▶ _PROBLEM TO WORK ON_:
For each line in the material below that holds "Pink", copy that line.

▶ _MATERIAL FOR THIS EXERCISE_:
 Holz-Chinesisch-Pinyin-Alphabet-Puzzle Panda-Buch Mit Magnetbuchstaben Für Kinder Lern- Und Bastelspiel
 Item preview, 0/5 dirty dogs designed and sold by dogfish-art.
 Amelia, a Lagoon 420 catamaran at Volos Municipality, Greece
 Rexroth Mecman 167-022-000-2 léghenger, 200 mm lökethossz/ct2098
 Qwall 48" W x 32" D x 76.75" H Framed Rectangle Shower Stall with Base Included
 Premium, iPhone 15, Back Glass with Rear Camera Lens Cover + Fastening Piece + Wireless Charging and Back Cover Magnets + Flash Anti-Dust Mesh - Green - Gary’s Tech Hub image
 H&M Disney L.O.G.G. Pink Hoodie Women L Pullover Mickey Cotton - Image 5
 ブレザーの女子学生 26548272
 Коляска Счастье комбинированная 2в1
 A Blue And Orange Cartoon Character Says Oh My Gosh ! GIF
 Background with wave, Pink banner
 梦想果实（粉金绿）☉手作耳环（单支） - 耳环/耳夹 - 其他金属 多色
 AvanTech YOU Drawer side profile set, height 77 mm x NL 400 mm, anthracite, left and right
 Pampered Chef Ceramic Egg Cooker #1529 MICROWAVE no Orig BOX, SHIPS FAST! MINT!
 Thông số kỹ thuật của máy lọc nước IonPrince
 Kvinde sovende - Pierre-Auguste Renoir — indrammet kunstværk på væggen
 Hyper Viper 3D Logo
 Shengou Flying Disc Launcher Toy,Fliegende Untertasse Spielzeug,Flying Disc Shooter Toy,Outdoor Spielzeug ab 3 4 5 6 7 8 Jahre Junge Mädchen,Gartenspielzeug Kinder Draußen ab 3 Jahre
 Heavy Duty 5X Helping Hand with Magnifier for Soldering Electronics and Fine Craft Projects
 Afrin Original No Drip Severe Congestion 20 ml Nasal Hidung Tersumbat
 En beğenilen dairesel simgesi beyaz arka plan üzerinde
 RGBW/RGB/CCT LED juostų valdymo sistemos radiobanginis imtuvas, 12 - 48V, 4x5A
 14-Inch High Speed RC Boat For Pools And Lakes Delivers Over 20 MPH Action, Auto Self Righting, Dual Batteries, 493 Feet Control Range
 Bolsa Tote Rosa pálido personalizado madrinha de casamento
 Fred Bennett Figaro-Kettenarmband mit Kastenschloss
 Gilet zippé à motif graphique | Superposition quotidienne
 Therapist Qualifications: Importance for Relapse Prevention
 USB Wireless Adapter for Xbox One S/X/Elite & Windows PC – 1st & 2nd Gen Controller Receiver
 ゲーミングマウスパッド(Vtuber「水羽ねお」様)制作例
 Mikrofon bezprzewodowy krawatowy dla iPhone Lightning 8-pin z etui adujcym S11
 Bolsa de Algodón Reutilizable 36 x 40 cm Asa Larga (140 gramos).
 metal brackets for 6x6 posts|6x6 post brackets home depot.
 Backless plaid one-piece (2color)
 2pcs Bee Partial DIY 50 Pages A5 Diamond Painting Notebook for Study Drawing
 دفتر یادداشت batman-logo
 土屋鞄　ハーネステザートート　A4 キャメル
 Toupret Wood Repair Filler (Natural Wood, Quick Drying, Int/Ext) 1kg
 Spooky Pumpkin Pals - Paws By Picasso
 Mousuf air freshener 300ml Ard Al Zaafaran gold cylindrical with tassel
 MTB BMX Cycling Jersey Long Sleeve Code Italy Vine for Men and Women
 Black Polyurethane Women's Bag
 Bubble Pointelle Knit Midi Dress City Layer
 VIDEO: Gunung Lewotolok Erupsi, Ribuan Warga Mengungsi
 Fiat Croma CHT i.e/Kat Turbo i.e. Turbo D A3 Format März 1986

▶ _COMPLETED TASK_:
 H&M Disney L.O.G.G. Pink Hoodie Women L Pullover Mickey Cotton - Image 5
 Background with wave, Pink banner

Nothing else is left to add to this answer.